**DATA TO PROCESS**
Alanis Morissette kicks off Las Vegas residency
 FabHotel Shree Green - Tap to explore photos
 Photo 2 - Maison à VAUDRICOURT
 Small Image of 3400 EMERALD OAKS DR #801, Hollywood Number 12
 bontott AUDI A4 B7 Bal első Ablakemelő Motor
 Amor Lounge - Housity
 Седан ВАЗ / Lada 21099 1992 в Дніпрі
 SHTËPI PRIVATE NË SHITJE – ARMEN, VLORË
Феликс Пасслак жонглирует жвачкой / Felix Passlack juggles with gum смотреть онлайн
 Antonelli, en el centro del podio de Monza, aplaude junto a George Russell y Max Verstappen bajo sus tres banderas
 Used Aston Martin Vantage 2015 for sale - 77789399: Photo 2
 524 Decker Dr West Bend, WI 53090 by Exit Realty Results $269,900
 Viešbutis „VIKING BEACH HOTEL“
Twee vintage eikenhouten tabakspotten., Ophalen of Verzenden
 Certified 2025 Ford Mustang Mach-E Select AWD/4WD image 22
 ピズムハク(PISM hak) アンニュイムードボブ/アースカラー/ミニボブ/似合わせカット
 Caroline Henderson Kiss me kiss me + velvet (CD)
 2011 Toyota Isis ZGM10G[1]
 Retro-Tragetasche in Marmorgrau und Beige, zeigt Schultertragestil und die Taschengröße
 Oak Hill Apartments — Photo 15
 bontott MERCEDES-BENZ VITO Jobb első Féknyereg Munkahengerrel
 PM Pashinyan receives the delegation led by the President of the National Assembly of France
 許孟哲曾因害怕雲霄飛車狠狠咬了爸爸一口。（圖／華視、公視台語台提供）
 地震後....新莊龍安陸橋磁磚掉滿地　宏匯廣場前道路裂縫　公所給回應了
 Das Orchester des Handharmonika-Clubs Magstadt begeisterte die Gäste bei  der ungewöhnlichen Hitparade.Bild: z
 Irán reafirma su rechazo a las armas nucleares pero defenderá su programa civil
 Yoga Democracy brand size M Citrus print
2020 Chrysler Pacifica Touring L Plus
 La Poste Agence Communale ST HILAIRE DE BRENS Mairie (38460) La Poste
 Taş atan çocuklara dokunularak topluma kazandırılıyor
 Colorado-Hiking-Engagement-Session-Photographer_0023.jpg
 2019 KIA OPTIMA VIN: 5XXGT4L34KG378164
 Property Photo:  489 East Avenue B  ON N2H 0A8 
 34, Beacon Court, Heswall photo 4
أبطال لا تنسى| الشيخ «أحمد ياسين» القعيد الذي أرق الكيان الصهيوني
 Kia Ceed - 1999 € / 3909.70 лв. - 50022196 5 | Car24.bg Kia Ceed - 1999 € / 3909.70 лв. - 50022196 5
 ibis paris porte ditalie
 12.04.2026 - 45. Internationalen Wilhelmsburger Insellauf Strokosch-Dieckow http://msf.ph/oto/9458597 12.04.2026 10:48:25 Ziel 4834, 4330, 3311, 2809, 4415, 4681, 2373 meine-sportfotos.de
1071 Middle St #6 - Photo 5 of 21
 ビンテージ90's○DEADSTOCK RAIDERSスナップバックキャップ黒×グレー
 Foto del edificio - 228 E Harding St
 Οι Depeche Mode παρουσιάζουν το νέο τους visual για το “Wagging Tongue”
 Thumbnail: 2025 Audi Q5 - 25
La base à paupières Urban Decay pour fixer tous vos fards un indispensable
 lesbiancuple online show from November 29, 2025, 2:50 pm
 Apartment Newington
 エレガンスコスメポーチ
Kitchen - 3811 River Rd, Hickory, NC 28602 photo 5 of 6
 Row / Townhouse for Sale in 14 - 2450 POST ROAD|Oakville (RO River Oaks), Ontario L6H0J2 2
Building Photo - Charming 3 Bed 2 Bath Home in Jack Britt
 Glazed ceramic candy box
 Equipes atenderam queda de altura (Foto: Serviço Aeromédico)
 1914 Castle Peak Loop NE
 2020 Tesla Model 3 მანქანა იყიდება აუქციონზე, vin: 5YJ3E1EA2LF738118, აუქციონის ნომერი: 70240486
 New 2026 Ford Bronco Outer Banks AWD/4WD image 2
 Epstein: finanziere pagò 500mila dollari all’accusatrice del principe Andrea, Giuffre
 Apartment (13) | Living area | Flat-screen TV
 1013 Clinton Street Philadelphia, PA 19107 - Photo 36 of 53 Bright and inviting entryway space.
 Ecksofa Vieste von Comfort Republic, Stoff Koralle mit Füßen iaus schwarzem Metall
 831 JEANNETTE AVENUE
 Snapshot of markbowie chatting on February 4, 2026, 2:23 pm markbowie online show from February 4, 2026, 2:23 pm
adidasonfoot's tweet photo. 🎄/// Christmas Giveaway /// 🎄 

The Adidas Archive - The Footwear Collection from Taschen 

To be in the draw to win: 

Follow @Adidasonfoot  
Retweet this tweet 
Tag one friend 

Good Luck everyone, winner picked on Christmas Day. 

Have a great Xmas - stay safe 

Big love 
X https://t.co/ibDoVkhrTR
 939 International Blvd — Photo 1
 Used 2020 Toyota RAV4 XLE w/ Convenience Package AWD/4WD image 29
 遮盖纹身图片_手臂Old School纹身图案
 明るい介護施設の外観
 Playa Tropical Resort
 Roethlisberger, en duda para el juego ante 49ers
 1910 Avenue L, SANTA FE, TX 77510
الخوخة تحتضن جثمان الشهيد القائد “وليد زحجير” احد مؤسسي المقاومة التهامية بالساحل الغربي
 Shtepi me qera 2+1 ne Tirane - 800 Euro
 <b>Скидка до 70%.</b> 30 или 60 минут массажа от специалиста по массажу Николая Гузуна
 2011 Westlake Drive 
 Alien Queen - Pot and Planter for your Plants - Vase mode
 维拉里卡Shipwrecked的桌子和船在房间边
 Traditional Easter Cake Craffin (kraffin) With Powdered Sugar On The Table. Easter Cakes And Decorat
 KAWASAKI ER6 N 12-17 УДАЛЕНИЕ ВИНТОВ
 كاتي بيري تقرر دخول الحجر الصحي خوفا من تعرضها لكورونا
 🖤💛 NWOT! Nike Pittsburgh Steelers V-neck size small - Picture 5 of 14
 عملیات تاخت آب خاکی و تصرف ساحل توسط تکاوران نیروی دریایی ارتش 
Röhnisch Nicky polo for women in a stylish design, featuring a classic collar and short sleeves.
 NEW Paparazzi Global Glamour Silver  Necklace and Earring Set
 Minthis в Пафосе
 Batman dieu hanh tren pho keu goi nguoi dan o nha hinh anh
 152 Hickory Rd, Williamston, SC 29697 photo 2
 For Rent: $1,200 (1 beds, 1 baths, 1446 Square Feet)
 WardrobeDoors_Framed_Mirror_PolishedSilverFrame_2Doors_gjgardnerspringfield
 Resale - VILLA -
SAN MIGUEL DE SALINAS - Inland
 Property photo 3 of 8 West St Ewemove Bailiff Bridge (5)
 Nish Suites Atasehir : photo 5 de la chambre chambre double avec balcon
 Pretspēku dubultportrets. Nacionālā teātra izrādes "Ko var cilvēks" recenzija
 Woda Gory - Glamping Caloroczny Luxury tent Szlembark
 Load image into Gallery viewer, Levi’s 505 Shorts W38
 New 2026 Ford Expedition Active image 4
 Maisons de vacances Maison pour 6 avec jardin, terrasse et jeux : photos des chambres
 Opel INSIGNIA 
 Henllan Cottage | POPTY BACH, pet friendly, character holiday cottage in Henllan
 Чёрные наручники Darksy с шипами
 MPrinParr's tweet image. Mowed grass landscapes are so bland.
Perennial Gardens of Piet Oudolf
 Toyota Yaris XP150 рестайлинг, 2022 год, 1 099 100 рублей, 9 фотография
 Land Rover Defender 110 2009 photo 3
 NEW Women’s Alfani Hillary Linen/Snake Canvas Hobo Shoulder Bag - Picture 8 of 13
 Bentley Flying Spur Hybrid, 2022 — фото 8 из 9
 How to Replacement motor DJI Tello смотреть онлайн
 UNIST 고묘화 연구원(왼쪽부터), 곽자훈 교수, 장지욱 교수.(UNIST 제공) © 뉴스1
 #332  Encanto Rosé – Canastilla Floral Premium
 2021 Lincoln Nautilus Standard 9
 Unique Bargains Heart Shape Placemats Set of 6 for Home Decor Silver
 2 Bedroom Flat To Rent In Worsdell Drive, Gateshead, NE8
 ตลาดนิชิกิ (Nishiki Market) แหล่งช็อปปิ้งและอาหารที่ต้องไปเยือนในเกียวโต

**ACTIVITY**
Each line in the records above that contains the word "Hickory" must be copied.

**EXERCISE SOLUTION**
Kitchen - 3811 River Rd, Hickory, NC 28602 photo 5 of 6
 152 Hickory Rd, Williamston, SC 29697 photo 2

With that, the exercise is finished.